I IS FOR INDIA is another one of those festival circuit documentaries in an opportunistic film-maker edits their home video footage and opens up their life to view. In this case, Director Sandhya Suri uses Super-8 cine-letters shot by her father - an immigrant doctor in 1970s Darlington - and the replies shot by their family back in India. The social and cultural insights are limited. The familiar news-clips of the National Front are used in a heavy-handed manner. And the straight-forward splicing together of old footage leaves little room for analysis. You get the odd clip of Suri's father complaining about double-standards, or protesting his loyalty to his homeland. But the only real insights we get are during the nine-month period when the family decamps to India.
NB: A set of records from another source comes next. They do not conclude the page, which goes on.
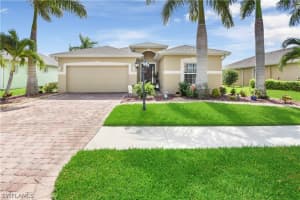 176 Destiny Cir, CAPE CORAL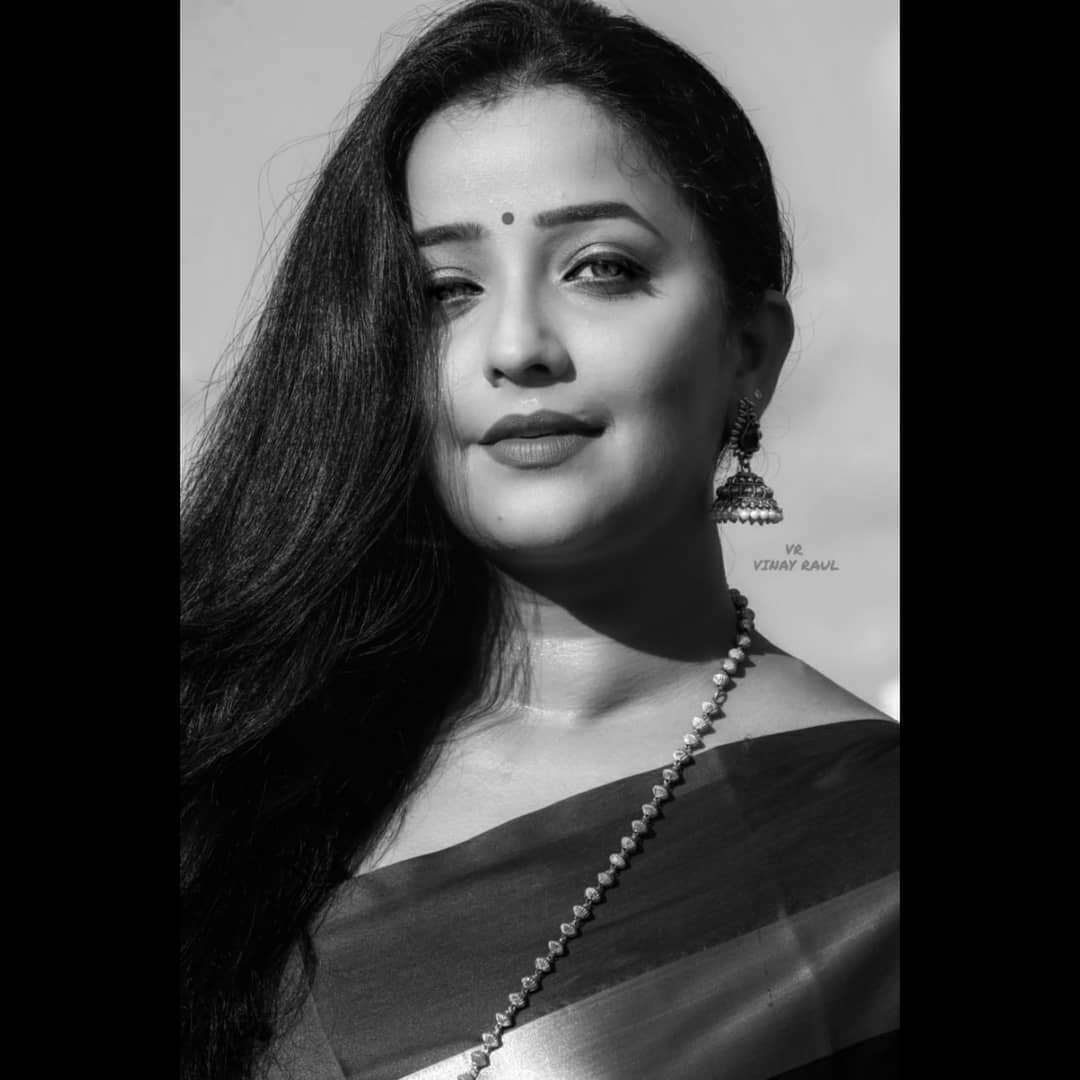Apurva Nemlekar Marathi actress images 200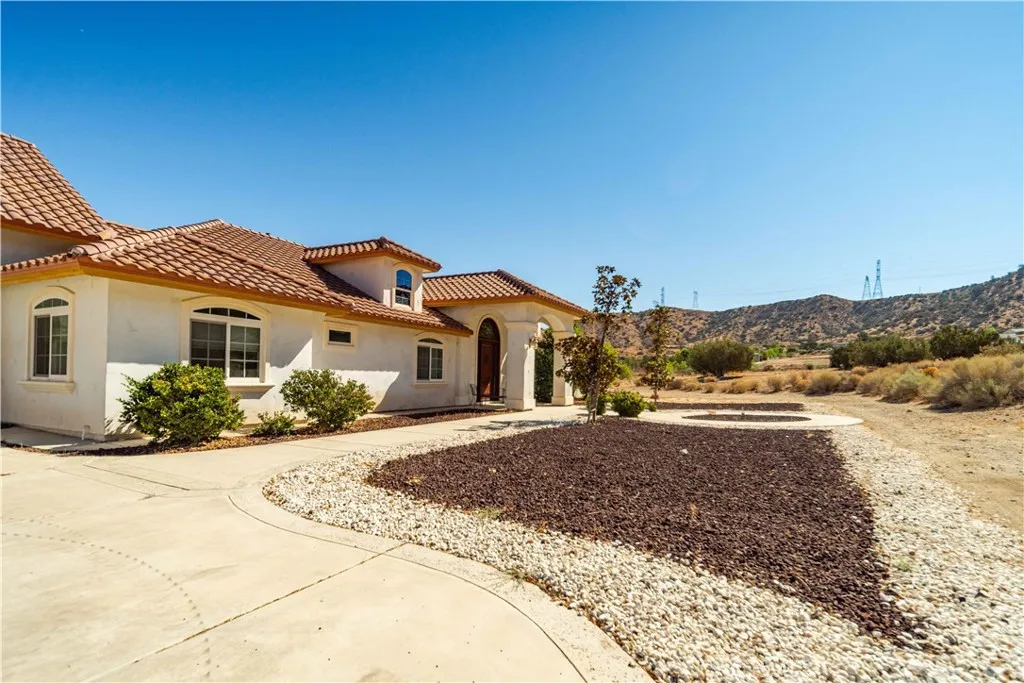 32132 Calle Del Roja, Acton, California 93510 home-pic-5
With cine-correspondance redundant, Suri actually has to interview her family and ask them how they felt about going "home". It's no co-incidence that this is the most interesting segment of the film. Other than that, the movie carries on in meandering, seemingly arbitrary fashion and closes out with history repeating itself. A sister leaves from Australia to escape unspecified unhappiness. Suri's father can now empathise with his own father, and shed tears for a child who can only be happy on the other side of the earth. But even here, perhaps understandably, Suri only scratches the surface of her family's emotional life. If you want to understand the immigrant experience, you'd do better to watch THE NAMESAKE.

I IS FOR INDIA played the festival circuit and is currently on limited release in the UK.